メルセデスはフェルスタッペンのみならず、ランド・ノリスとセルジオ・ペレスにすら先行を許してしまい、ハミルトンは4番手、チームメイトのバルテリ・ボッタスも5番手に留まった。フェルスタッペンからはコンマ3秒落ちと、ポール争いからは完全に蚊帳の外に置かれた。
ハミルトンはSky Sportsとのインタビューの中で、メルセデスの状況は「先週よりも更に困難で、依然としてペースが不足している」として「純粋なペースで考えれば優勝は絶対にあり得ない」と白旗を振った。
「クルマからより多くのパフォーマンスを引き出そうと、あらゆることを試したけど根本的にペースが不足している。それが今の僕らの状況だ」
「マクラーレンがアップグレードを持ち込んだのかどうかは知らないけど、今日の彼らはメガ・クイックだった。僕らとしては兎に角、改善を続けるほかにない」
ハミルトンは更に、自分達とフェルスタッペンとの間にはペレスとノリスという2台のマシンが割って入っているとして「マックスにとってはイージー・クルーズ・ウィンと言えるだろう」と付け加えた。
優勝こそ諦めているものの、2年の契約更新にサインしたばかりの王者はチャンピオンシップを諦めたわけではない。如何にダメージを最小限に抑えるか。そのためにはペレスを交わせるかどうかが大きな鍵となる。
「僕らにとって重要な事は、少なくともペレスの前に出ることができるかどうかを検討して、今週末のダメージを抑えられるように頑張る事だ」
一方のボッタスは「先週より若干後退したかもしれない。もしくは他のクルマが僕らより大きく改善したのかも」とした上で、今のW12は本来あるべき状態と比較して「コンマ1・2秒不足している」と指摘した。
またマクラーレンの驚異的な予選ペースについては、先週末のイベントで供給されなかったC5コンパウンドが有利に働いた可能性があるとした。

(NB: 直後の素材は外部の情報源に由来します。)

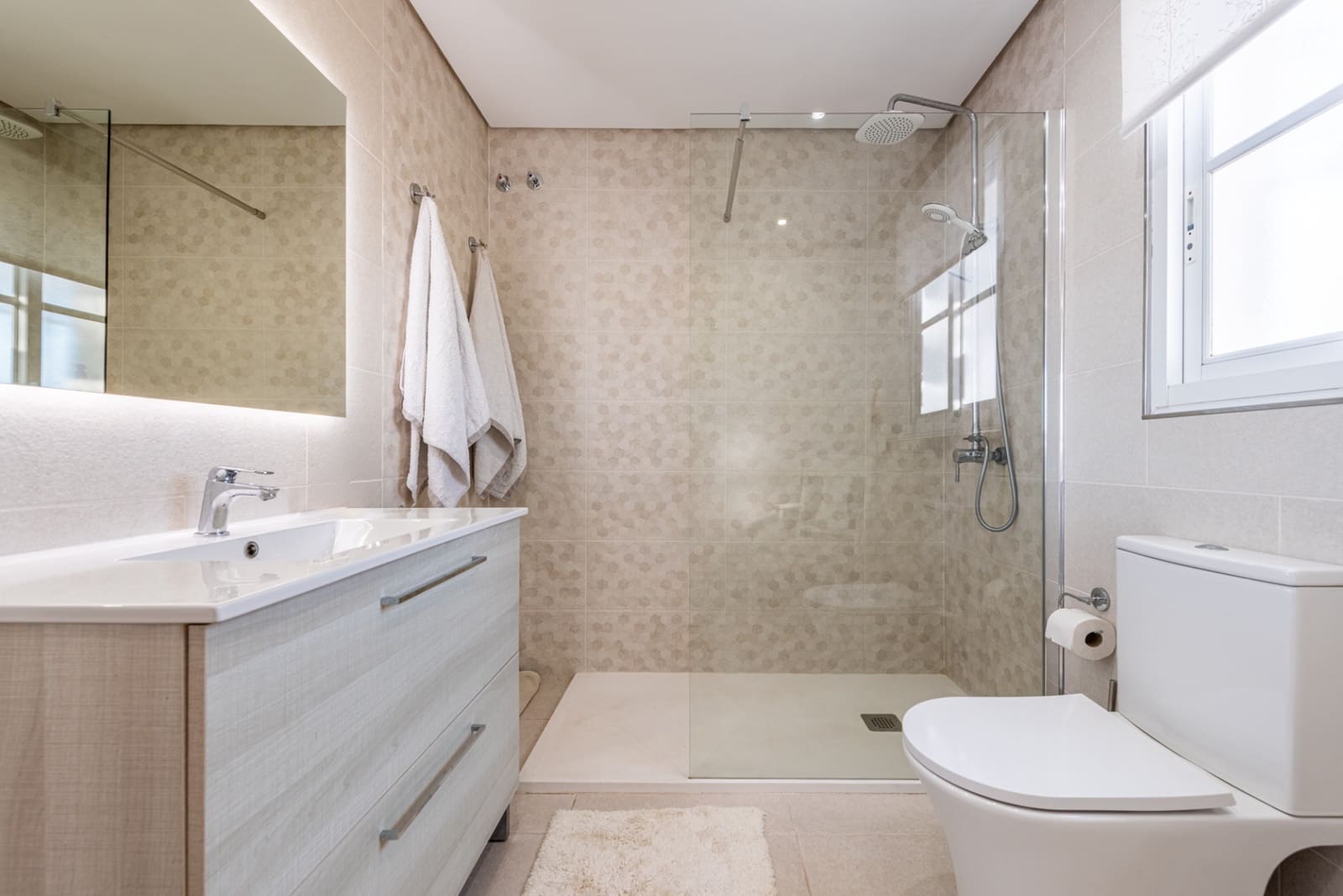 Casa de 4 habitaciones en Estepona en venta con piscina garaje - 550.000 € (Ref: 9666124)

なおトラックサイド・エンジニアリング部門を率いるアンドリュー・ショブリンは、50度以上に達した路面温度に触れて「ソフトタイヤを正しい作動温度領域に入れ込めたのかどうかを検討する必要がある」と指摘。決勝に向けては「課題が山積」とした上で、2台揃ってのミディアムスタートを上手く生かして先頭争いに加わっていきたいと付け加えた。
チームはコンストラクターズ選手権でレッドブル・ホンダに40点のリードを許し、ハミルトンはドライバーズ選手権でフェルスタッペンに18ポイント遅れているが、日曜のレースが赤旗や突然の降雨などの波乱なくチェッカーフラッグを迎える場合、ギャップ拡大は避けられそうにない。
2021年 F1オーストリアグランプリ決勝レースは、日本時間7月4日(日)22時にスタート。1周4326mのレッドブル・リンクを71周(306.452km)する事でチャンピオンシップを争う。